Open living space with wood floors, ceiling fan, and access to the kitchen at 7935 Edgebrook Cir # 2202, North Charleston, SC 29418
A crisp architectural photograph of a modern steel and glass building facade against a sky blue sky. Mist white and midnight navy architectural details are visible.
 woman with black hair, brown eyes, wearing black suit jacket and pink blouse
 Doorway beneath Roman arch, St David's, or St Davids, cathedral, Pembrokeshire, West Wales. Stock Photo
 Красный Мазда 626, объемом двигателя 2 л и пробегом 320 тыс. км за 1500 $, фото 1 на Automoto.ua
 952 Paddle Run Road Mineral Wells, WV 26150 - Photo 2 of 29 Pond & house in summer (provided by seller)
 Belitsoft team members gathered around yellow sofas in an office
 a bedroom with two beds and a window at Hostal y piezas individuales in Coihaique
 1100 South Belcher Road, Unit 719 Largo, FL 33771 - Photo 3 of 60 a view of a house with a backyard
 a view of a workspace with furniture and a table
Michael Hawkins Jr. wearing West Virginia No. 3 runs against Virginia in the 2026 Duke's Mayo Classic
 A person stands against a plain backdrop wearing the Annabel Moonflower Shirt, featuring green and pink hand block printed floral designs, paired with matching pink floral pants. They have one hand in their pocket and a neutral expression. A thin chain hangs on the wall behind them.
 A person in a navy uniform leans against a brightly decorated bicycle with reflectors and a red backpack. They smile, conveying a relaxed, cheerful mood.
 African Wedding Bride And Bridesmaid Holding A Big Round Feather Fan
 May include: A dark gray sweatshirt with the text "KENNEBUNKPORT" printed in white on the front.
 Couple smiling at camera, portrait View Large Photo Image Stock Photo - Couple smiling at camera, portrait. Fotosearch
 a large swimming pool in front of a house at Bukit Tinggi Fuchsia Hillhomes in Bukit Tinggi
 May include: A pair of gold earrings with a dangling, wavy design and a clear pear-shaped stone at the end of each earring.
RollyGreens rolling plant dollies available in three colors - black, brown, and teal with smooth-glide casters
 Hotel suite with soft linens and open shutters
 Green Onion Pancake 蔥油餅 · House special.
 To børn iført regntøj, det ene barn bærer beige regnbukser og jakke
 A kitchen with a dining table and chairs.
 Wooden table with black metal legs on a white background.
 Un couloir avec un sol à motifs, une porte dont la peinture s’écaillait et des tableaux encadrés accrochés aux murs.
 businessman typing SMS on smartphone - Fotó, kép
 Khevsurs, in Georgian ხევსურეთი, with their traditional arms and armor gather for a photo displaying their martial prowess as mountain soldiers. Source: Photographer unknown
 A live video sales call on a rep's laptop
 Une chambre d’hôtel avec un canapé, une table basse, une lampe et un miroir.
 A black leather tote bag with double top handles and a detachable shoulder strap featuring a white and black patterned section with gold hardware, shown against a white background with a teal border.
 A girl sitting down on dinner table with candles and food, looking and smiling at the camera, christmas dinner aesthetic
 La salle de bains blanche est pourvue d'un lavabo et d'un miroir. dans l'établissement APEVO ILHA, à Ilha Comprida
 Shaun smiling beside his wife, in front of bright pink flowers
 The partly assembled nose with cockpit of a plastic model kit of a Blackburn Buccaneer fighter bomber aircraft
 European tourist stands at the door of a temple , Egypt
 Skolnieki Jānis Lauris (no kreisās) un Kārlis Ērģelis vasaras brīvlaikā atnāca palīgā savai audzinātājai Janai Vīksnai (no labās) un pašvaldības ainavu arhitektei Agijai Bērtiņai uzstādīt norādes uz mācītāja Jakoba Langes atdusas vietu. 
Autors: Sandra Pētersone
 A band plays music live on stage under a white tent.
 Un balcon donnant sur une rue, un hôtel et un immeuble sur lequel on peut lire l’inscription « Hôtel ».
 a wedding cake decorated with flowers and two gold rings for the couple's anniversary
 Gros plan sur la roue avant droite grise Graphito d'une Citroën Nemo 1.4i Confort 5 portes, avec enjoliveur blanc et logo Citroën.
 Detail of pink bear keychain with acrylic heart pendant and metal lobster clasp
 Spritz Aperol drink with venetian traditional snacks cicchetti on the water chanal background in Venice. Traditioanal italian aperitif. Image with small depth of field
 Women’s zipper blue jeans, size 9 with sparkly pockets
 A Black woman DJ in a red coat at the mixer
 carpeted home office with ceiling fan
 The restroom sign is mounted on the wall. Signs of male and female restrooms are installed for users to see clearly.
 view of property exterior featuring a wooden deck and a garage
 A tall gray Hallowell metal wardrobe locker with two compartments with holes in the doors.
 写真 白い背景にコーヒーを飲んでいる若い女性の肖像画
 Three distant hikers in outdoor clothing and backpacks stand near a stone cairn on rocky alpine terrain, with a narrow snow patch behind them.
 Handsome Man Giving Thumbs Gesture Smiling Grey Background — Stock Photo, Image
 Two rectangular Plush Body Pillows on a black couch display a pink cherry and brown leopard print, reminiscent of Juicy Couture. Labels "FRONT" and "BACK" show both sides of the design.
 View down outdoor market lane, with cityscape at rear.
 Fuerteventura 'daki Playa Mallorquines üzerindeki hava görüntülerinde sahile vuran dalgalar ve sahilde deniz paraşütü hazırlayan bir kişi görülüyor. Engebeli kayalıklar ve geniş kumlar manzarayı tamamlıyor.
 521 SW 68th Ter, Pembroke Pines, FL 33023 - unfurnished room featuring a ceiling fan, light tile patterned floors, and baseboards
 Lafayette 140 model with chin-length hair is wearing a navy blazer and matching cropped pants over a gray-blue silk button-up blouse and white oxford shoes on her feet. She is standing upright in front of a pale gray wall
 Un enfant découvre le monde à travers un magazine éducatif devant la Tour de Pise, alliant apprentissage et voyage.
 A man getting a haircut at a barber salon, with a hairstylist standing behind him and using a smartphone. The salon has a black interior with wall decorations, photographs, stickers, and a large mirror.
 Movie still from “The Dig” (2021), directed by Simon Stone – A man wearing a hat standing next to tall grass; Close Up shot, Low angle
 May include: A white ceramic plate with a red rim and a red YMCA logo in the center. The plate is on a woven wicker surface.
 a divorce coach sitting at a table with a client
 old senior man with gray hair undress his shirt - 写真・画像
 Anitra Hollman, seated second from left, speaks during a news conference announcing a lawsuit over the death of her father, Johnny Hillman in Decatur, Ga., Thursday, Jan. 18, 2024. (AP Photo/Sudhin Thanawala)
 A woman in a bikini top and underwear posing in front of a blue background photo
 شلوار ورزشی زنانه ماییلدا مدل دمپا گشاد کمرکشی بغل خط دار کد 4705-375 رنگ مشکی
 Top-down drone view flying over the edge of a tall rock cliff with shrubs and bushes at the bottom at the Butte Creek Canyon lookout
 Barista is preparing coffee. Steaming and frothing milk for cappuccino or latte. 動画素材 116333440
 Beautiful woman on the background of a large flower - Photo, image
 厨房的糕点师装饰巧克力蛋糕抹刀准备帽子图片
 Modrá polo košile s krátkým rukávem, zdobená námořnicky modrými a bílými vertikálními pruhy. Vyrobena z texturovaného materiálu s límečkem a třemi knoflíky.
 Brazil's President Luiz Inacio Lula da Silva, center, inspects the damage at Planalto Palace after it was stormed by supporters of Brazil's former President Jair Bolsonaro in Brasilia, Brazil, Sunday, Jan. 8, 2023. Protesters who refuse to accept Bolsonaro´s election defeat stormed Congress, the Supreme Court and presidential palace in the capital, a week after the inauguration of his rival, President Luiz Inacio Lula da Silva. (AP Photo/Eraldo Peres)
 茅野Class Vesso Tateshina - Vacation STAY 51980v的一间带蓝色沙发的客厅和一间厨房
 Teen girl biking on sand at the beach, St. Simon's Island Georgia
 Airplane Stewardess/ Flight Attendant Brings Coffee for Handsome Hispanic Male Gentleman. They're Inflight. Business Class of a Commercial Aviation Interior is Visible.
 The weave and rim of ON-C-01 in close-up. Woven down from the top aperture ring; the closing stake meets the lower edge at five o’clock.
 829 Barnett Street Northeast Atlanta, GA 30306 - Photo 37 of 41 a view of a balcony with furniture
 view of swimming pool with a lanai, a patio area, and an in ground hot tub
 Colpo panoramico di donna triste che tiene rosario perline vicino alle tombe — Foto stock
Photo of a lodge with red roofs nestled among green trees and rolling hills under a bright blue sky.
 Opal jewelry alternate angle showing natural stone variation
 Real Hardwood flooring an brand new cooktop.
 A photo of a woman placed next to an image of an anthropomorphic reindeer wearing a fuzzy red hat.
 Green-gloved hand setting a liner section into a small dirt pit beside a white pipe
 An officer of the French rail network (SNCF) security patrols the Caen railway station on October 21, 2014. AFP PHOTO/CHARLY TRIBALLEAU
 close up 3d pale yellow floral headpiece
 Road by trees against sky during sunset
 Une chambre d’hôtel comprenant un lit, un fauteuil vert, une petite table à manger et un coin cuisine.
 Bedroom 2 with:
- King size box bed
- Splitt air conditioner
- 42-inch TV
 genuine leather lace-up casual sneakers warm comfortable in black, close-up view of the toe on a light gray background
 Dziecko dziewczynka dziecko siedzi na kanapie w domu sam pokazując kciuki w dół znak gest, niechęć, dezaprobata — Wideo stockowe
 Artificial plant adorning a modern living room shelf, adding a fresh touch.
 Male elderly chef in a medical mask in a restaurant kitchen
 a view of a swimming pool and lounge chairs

> _Try it_
Which lines run from the one holding "952 Paddle Run" through the one holding "May include: A pair" in the records above? Repeat them exactly, both included, and nothing more.

> _Result_
 952 Paddle Run Road Mineral Wells, WV 26150 - Photo 2 of 29 Pond & house in summer (provided by seller)
 Belitsoft team members gathered around yellow sofas in an office
 a bedroom with two beds and a window at Hostal y piezas individuales in Coihaique
 1100 South Belcher Road, Unit 719 Largo, FL 33771 - Photo 3 of 60 a view of a house with a backyard
 a view of a workspace with furniture and a table
Michael Hawkins Jr. wearing West Virginia No. 3 runs against Virginia in the 2026 Duke's Mayo Classic
 A person stands against a plain backdrop wearing the Annabel Moonflower Shirt, featuring green and pink hand block printed floral designs, paired with matching pink floral pants. They have one hand in their pocket and a neutral expression. A thin chain hangs on the wall behind them.
 A person in a navy uniform leans against a brightly decorated bicycle with reflectors and a red backpack. They smile, conveying a relaxed, cheerful mood.
 African Wedding Bride And Bridesmaid Holding A Big Round Feather Fan
 May include: A dark gray sweatshirt with the text "KENNEBUNKPORT" printed in white on the front.
 Couple smiling at camera, portrait View Large Photo Image Stock Photo - Couple smiling at camera, portrait. Fotosearch
 a large swimming pool in front of a house at Bukit Tinggi Fuchsia Hillhomes in Bukit Tinggi
 May include: A pair of gold earrings with a dangling, wavy design and a clear pear-shaped stone at the end of each earring.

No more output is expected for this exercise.